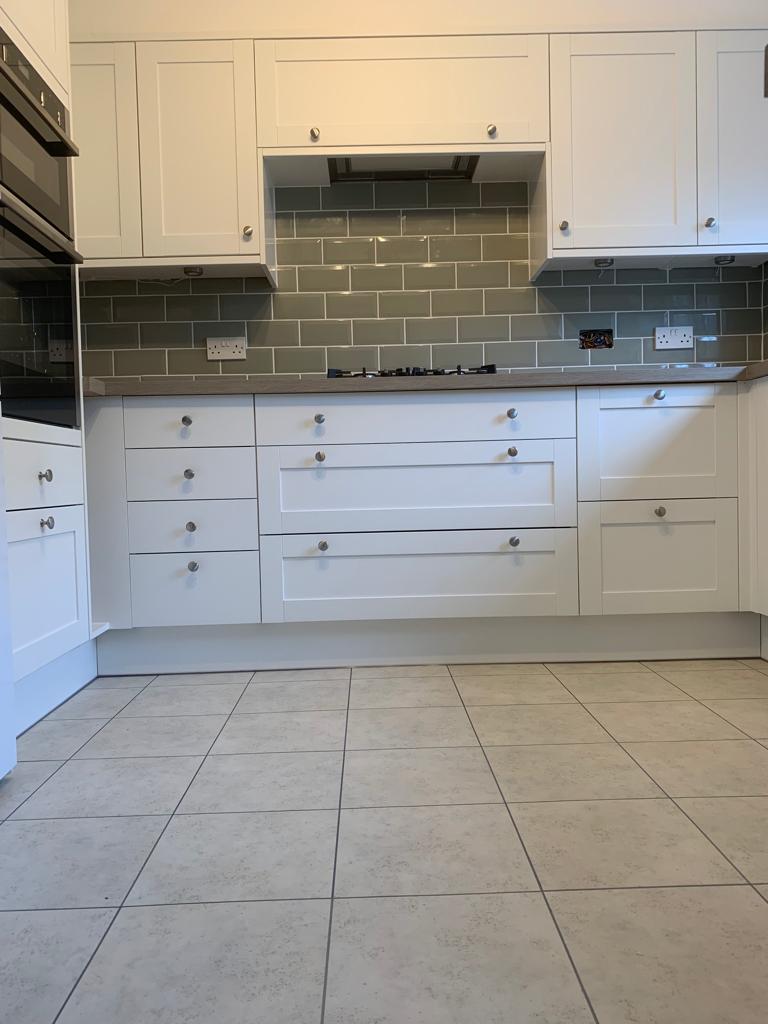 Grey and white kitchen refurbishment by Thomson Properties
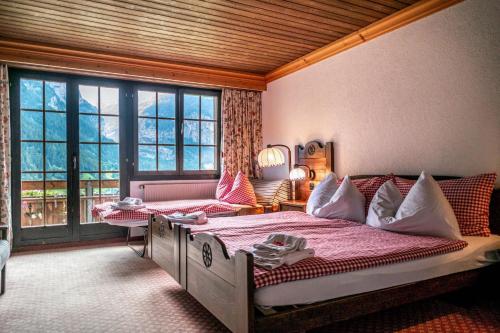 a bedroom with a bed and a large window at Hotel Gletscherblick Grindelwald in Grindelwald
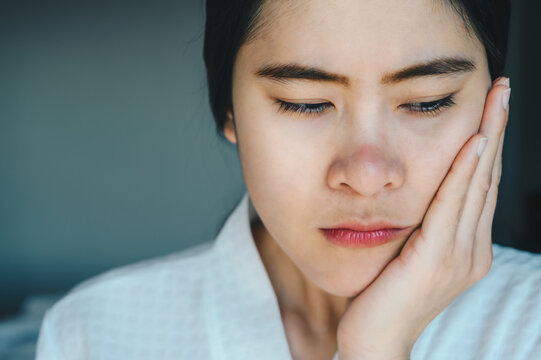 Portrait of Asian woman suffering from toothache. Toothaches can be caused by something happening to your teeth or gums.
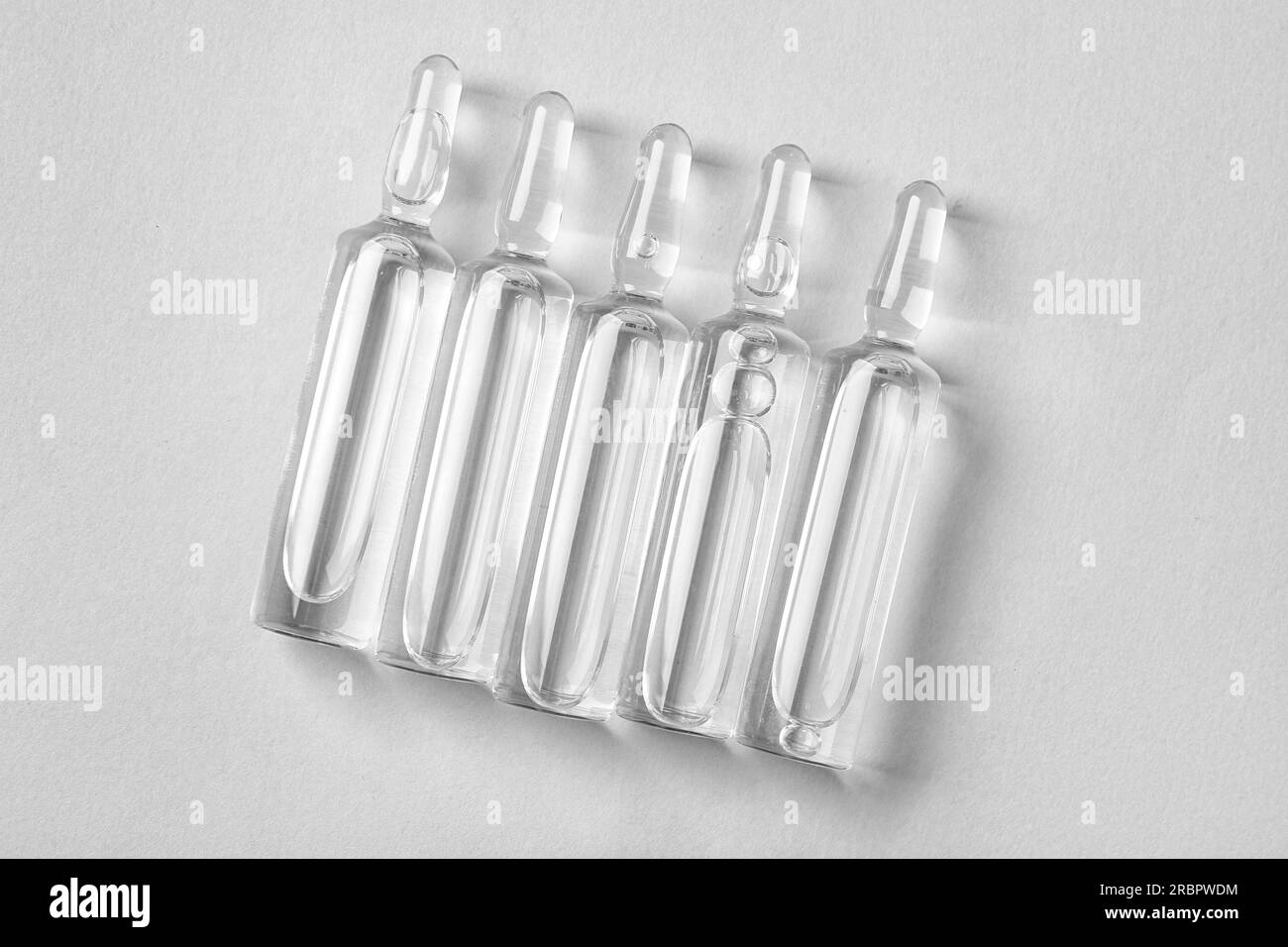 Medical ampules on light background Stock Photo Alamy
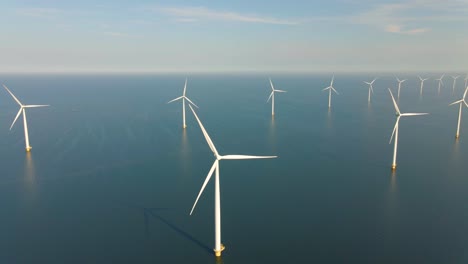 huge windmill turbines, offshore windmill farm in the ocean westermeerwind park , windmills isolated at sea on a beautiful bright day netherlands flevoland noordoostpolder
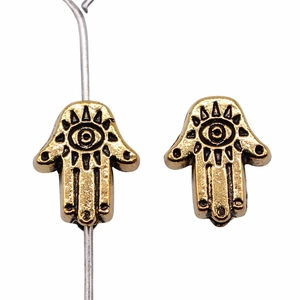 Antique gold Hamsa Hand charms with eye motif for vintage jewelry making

#### WHAT IS BEING ASKED:
Transcribe the listing in full. Omit the pictures and keep every line exact.

#### YOUR SOLUTION:
 Grey and white kitchen refurbishment by Thomson Properties
 a bedroom with a bed and a large window at Hotel Gletscherblick Grindelwald in Grindelwald
 Portrait of Asian woman suffering from toothache. Toothaches can be caused by something happening to your teeth or gums.
 Medical ampules on light background Stock Photo Alamy
 huge windmill turbines, offshore windmill farm in the ocean westermeerwind park , windmills isolated at sea on a beautiful bright day netherlands flevoland noordoostpolder
 Antique gold Hamsa Hand charms with eye motif for vintage jewelry making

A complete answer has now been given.